O gesto do narrador não se dá em um lugar qualquer, nem em um momento qualquer. É no meio do sertão, em meio a uma guerra, que o professor-jagunço resolve fazer o menino Guirigó saber do mundo. Ele decide se responsabilizar pelo menino, coloca-se em posição de educa-lo em meio à crise de um mundo que se desertifica[11]. A educação parece ser a tentativa frágil, pela precariedade do mundo que nos encontramos, de acolher os novos em meio às incertezas de uma guerra. Em tais condições a pergunta que se coloca é a de que gesto seria possível para que pudéssemos acolher os novos em um mundo comum. A resposta de Riobaldo é contundente: levar o menino consigo para ele passe a partilhar de determinado mundo comum com aqueles jagunços, tornando-o viajante. Não sabemos por quais desventuras íntimas passou Guirigó e por meio de quais reviravoltas internas mudou sua disposição em relação ao mundo. Sabemos que ele mudou ao partilhar uma caminhada, saindo em visita a um mundo que, longe de idílico, estava em guerra.
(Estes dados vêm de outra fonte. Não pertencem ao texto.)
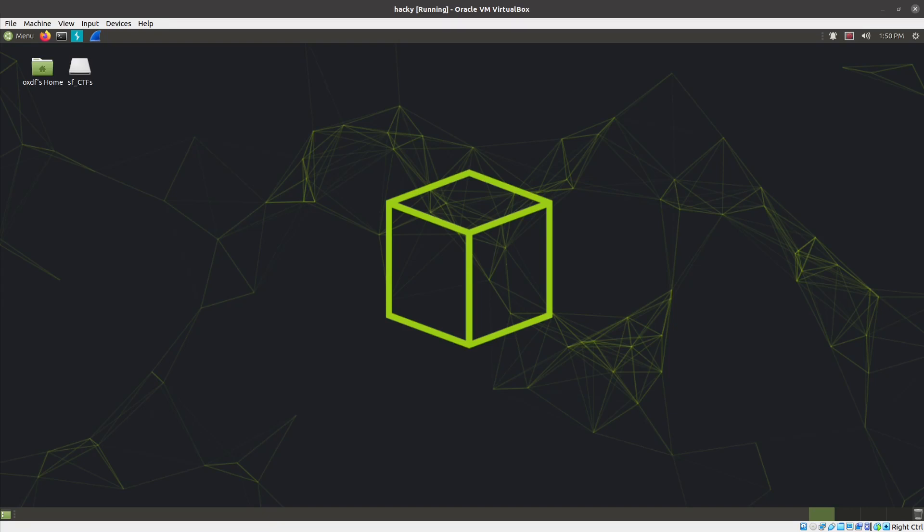Hey, this is OXDF, and today I'm looking at Burp Suite, Foxy Proxy, and how I use them together to go after a web target on Hack the Box or otherwise.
Tal contexto de Grande sertão, oportuno para pensarmos nas desventuras da nossa crise contemporânea, apresenta Riobaldo encarnando três figuras fortes: o jagunço, o professor e o narrador. Se as duas últimas têm relação inconteste com o mundo comum, a primeira está irremediavelmente ligada ao agir, àquele que aprende as veredas em meio ao grande sertão. A resposta de Riobaldo, não unívoca, mas interrogativa como um gesto, é dada em ato. Diante de um mundo comum errante e esfacelado o que se pode fazer é partilhar uma caminhada. Tal atitude é pareada com o gesto narrativo. Trazer os novos consigo, em caminhada durante a guerra, é possibilitar a narração daquele mundo, oferecer um olhar peculiar a respeito dos significados que o sertão inóspito, pouco humano diante das inúmeras opressões, poderia ter. Tal como o narrador, o professor pode ser compreendido como um elo entre o mundo e aqueles recém-chegados, e aqui não é demais lembrarmos que Riobaldo recebe, de Zé Bebelo, a alcunha de “professor”, e assim é chamado por este ao longo de todo o romance. O professor, recolhendo as estórias do mundo e contando-as aos novos, espécie de “narrador do mundo”[12], convida-os a compreender que tal mundo, ainda que em guerra, lhes diz respeito.
[1] Este texto é uma versão ligeiramente modificada constante na dissertação “Milagre em Monte Santo: a fundação da Escola Família Agrícola do Sertão”, veja a versão completa: https://teses.usp.br/teses/disponiveis/48/48134/tde-14052019-114621/pt-br.php
[2] Mestre em Filosofia e educação pela Feusp, membro do Grupo de estudos e pesquisa sobre educação e o pensamento contemporâneo (Geepc).
[3] ROSA, João Guimarães. Grande sertão: veredas. Rio de Janeiro: Nova Fronteira, 2015. p. 136.
[4] Idem, p. 238.
[5] NUNES, Benedito. A Rosa o que é de Rosa: literatura e filosofia em Guimarães Rosa. Rio de Janeiro: Difel, 2013. p. 162.
[6] ROSA, João Guimarães. Grande sertão: veredas. Rio de Janeiro: Nova Fronteira, 2015. p. 325.
[7] Idem.
[8] Idem, p. 434.
[9] ARENDT, Hannah. A condição humana. Rio de Janeiro: Forense universitária, 2017. p. 27.
[10] ALVES AGUIAR, Odílio. A amizade como amor mundi em Hannah Arendt. O que nos faz pensar, [S.l.], v. 19, n. 28, p. 131-144, dec. 2010. ISSN 0104-6675. Disponível em: <http://www.oquenosfazpensar.fil.puc-rio.br/index.php/oqnfp/article/view/315>.
[11] ARENDT, Hannah. A promessa da política. Rio de Janeiro: Difel, 2008.
[12] ALMEIDA, Vanessa Sievers de. Educação em Hannah Arendt: entre o mundo deserto e o amor ao mundo. São Paulo: Cortez, 2011. p. 219.